Provas, Exorcismos, de Susana Nobre -  Competição Nacional
Presente este ano também na Quinzena dos Realizadores do Festival de Cannes, Provas, Exorcismos, de Susana Nobre, oferece um olhar fictício, também de influência documental, sobre o desemprego e uma terra tocada pelo falhanço da política.

Cavern Club, de Gonçalo Soares - Novíssimos
O bar de estreia dos Beatles empresta o seu nome a Cavern Club, a história de um montador perdido entre uma Lisboa turística, uma precária indústria de cinema e manifestações de uma geração sem futuro.

Seafood Porn, de Momoko Seto - Boca do Inferno
Seafood Porn traz-nos pornografia de pescado em stop-motion.

Música Moderna – Um Disco Filme de Tochapestana, de Tochapestana - IndieMusic
Os Tochapestana, num contexto performático, chamam os nossos corpos pela via do glitter (ou género associado à sua música: baile-turbo-punk). Pela estética dos anos 80 e a sua atracção pelo imaginário popular português, os videoclips do duo musical (onde se inclui o realizador Gonçalo Tocha) espelham o universo do seu álbum Música Moderna.

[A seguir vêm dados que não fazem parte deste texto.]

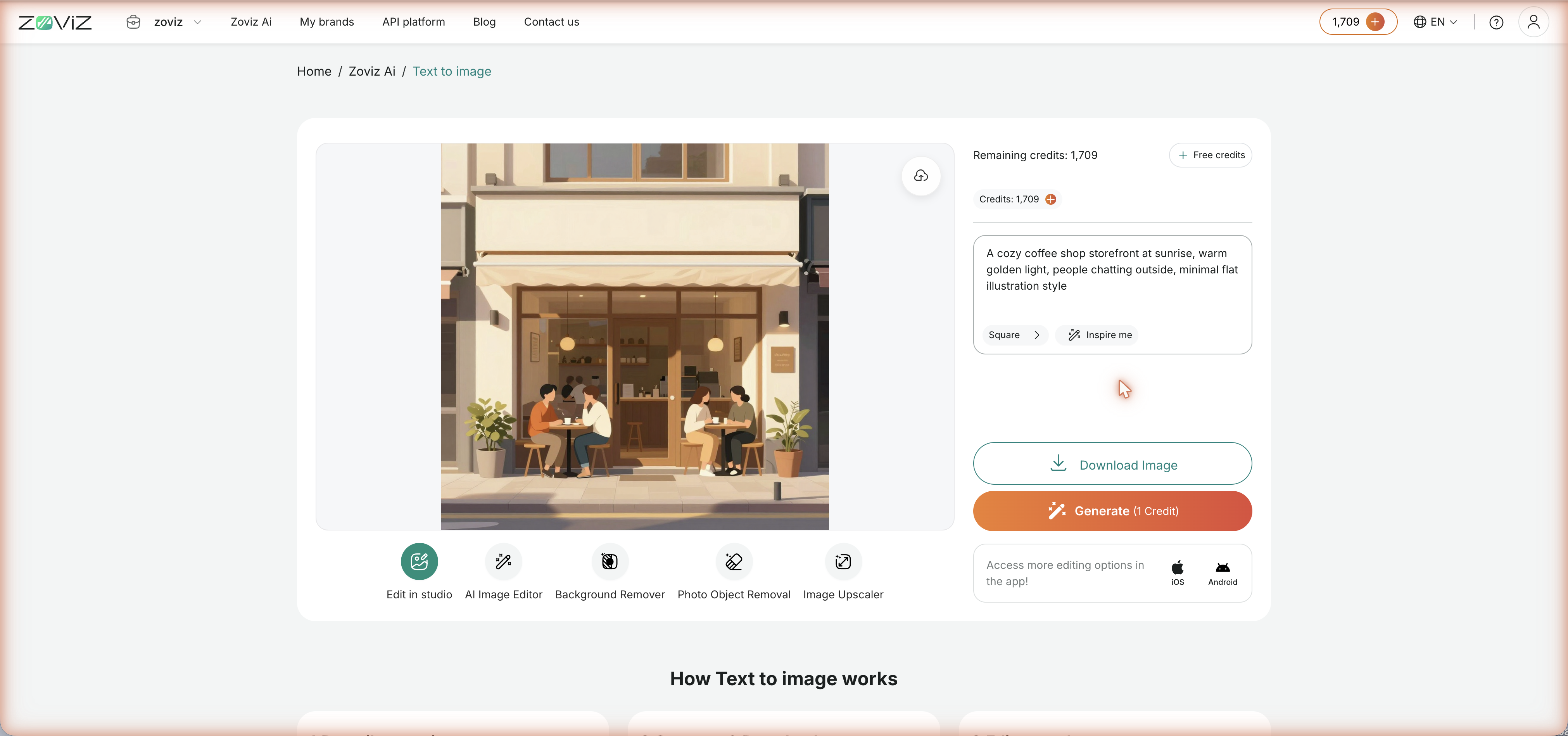 A generated result, with one-click chaining into the other AI tools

Habana, de Edouard Salier - Sessões Especiais
Um jovem rapaz leva-nos pelo caos de Havana, uma cidade à beira da guerra-civil.

Nos Campos em Volta, de João Botelho - Sessões Especiais
João Botelho traz-nos aqui um filme sobre as histórias e lendas que se escondem na paisagem de Serpa.

Kacey Mottet Klein, Naissance d’un acteur, Une petite leçon de cinéma, de Ursula Meier - Silvestre
A realizadora Ursula Meier olha para o crescimento e o trabalho do seu jovem actor de Home (2008) e Irmã (2012) através da sua presença e palavras.

Conhece toda a programação do IndieLisboa, horários e outras informações em www.indielisboa.com.

3 comentários:

Os Filmes de Frederico Daniel disse...

Inês chegaste a ver o "Pássaro Branco"? Se não o viste tens de o ver.

http://osfilmesdefredericodaniel.blogspot.pt/2016/02/passaro-branco.html

"Pássaro Branco": 4*

"Pássaro Branco" é um filme bastante bom e recomendo vivamente, o final do filme foi perfeito e inesperado.

Cumprimentos, Frederico Daniel.

Inês Moreira Santos disse...

Era um dos que queria muito ver e não consegui e continuo muito curiosa. Tenho de ver se o vejo em breve. :)

Os Filmes de Frederico Daniel disse...

O único pecado do filme é ser algo entediante a partir de uma parte, mas o bichinho de querer saber faz-nos não desistir dele e ainda bem. :) É bastante bom, principalmente aquele twist que foi a cereja no topo do bolo.